In a peer review investigation of a complaint, the reviewers could find deficiencies including malpractice, poor practice, misconduct, harassment, fraud, frank monetary or sexual exploitation, substance abuse, or dementia. Yet, in the absence of bad feelings, these findings alone often do not result in a complaint against a physician.20,–,22 Rightly or wrongly, complainants may feel that they have been ignored, abandoned, blamed, cheated, shown disrespect, or subjected to private or public humiliation and, as a result, have been dishonored or have lost face.

Peer reviewers should use a respectful tone in communicating to complainants that these feelings are taken seriously, if not literally, and, at the same time, reviewers must not depart in any way from the procedures of their institution or from the applicable standards of care and conduct in their effort to discern the facts of the matter in question.

Physician Respondents

While most physicians are intellectually aware of their exposure to allegations of medical malpractice, few have that same level of awareness of their exposure to organizational peer review or to state board investigations and to the gravity of the potential consequences. From the best practitioners to the worst, surprise may become outrage.

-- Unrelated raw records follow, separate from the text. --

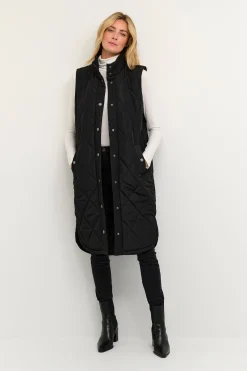 KAmeria Quilted Waist Coat Black deep 10505686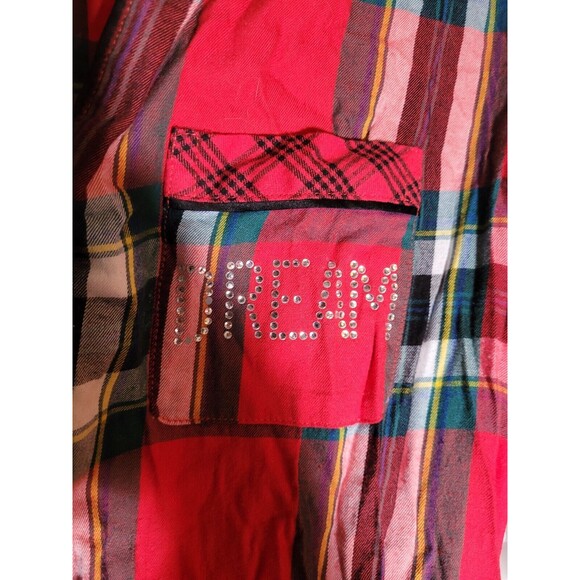 Victoria’s Secret Dream  1 Piece Romper Plaid Christmas Pajamas  Size Xs - Picture 2 of 4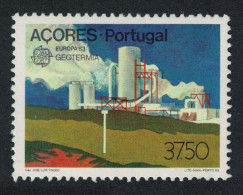 Azores Geothermal Power Station Europa CEPT 1983 MNH SG#449 - Azores
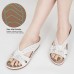 Ecetana Sandals for Women Wedge Shoes: Slip On Dressy Summer Comfortable Slides Sandals Lightweight Memory Foam Platform Shoes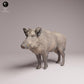 Photo du produit Tabletop 28mm Lord of the Print (LotP) 3 : figurine d’animal sauvage : sanglier (26_07_08)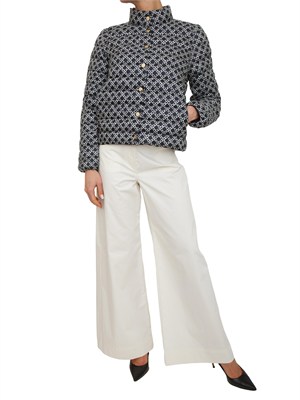 Giubbino reversibile Emmpatio di Emme Marella in fantasia e in tinta unita blu in DONNA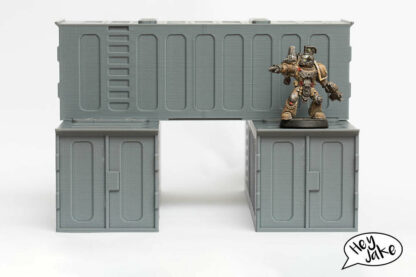 Wargaming Terrain: Shipping Container x3 | Warhammer 40K – Hey Jake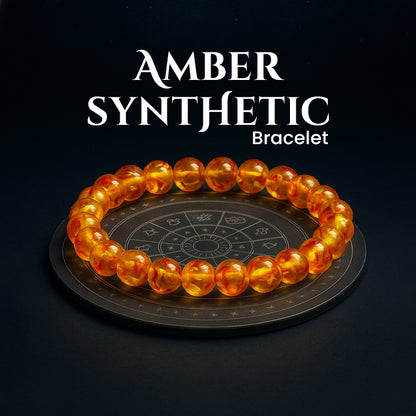 Amber Synthetic Bracelet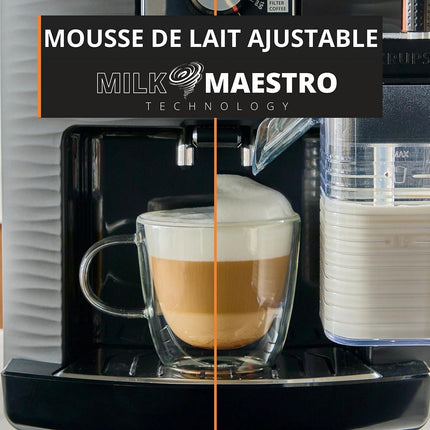 Expresso Broyeur KRUPS Intensity Lait, Machine espresso automatique, 5 boissons EA5028E0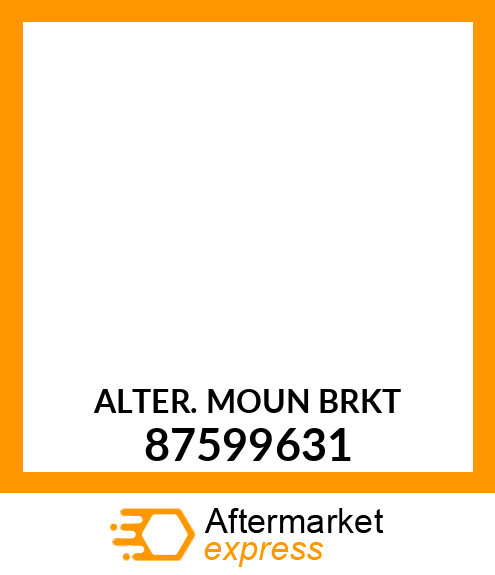 ALTER MOUN BRKT 87599631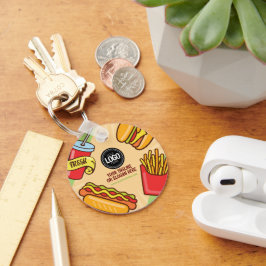 Firmenlogo personalisieren | Hamburger Hotdog Them Schlüsselanhänger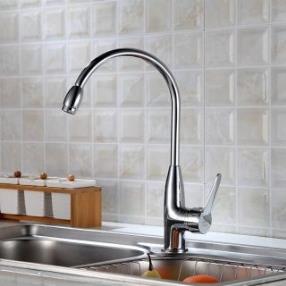 Contemporary Stainless Steel Brushed Delta Kitchen Faucet at faucetsdeal.com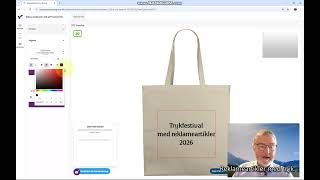 Palle Bo gennemgår bestillingsflowet når der bestilles reklameartikler.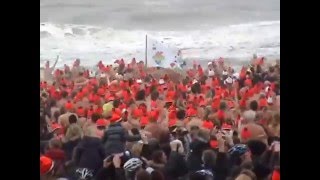 Nieuwjaarsduik Egmond 2012 [upl. by Ubana788]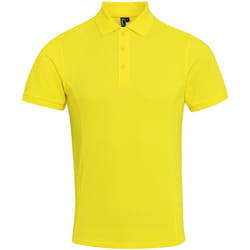 Premier - Polo piqué COOLCHECKER - Homme (Jaune)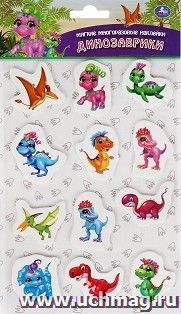 Мягкие многоразовые наклейки "Динозаврики" — интернет-магазин УчМаг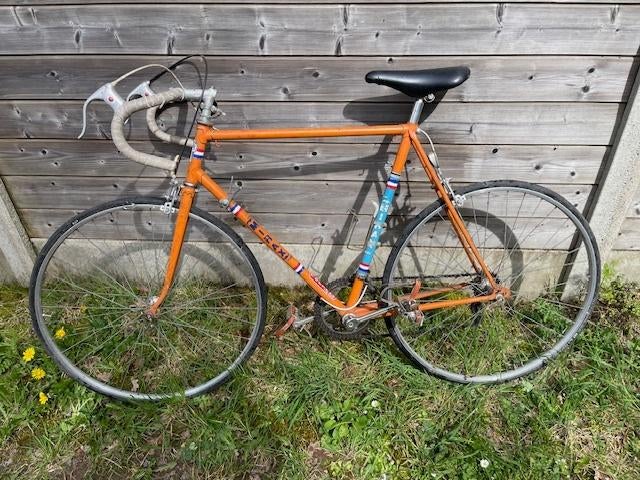 Vintage koersfiets old school, Enlèvement, Utilisé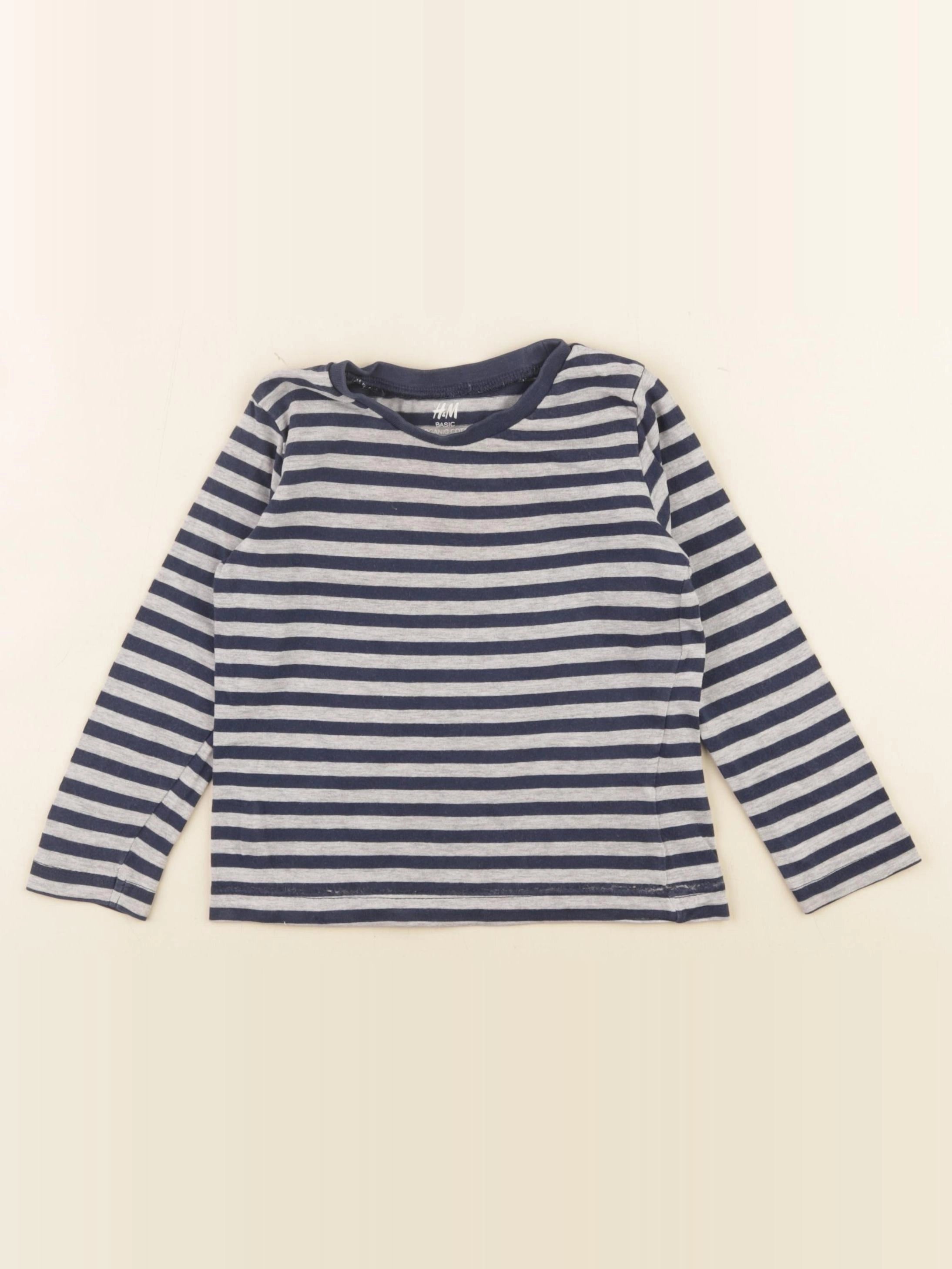 H&M - tee-shirt bleu - 12/18 mois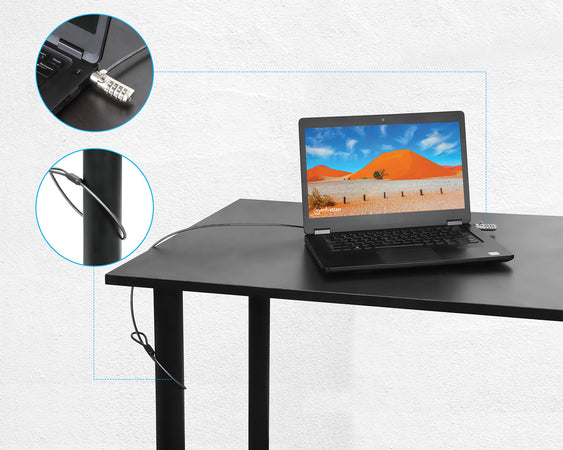 Lucchetto di Sicurezza per Notebook a Combinazione per Slot Nano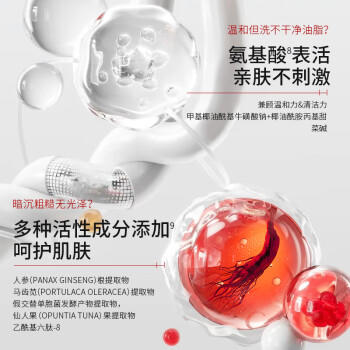 伊思（It’s skin）红参蜗牛洗面奶洁面乳女150ml 深层清洁泡沫绵密温和呵护护肤品 商品图2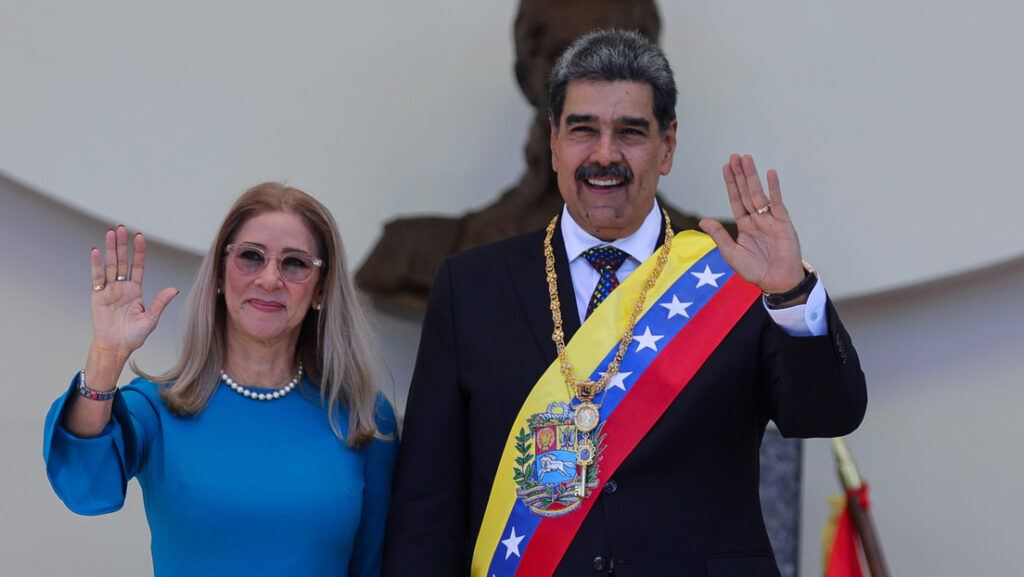 El presidente de Venezuela, Nicolás Maduro, y su esposa, Cilia Flores.Jesus Vargas / Stringer / Gettyimages.ru 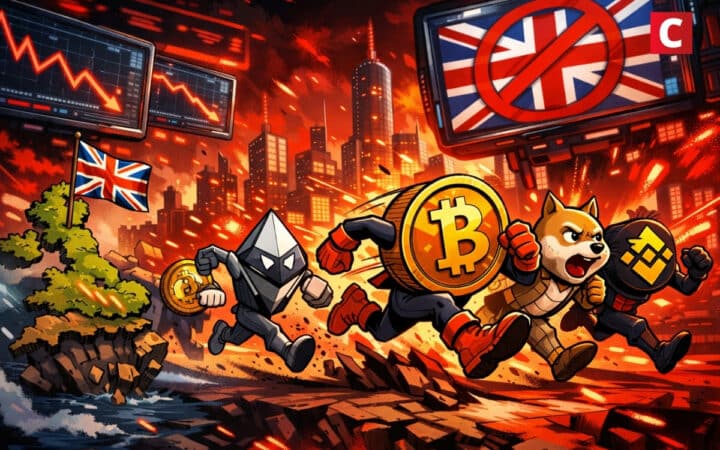 Le marché crypto en chute libre au Royaume-Uni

The quality of an individual physician's work notwithstanding, physicians view themselves as attempting to do good in an increasingly complicated world. They may regard substantial elements of the complaint as uninformed and misguided at best. Although the complainants see themselves as the party without power in this process, respondent physicians often have the same view of themselves. The perception of being helpless may be fostered by the right of the organization to demand that the respondent undergo an independent forensic psychiatric examination or drug and alcohol testing.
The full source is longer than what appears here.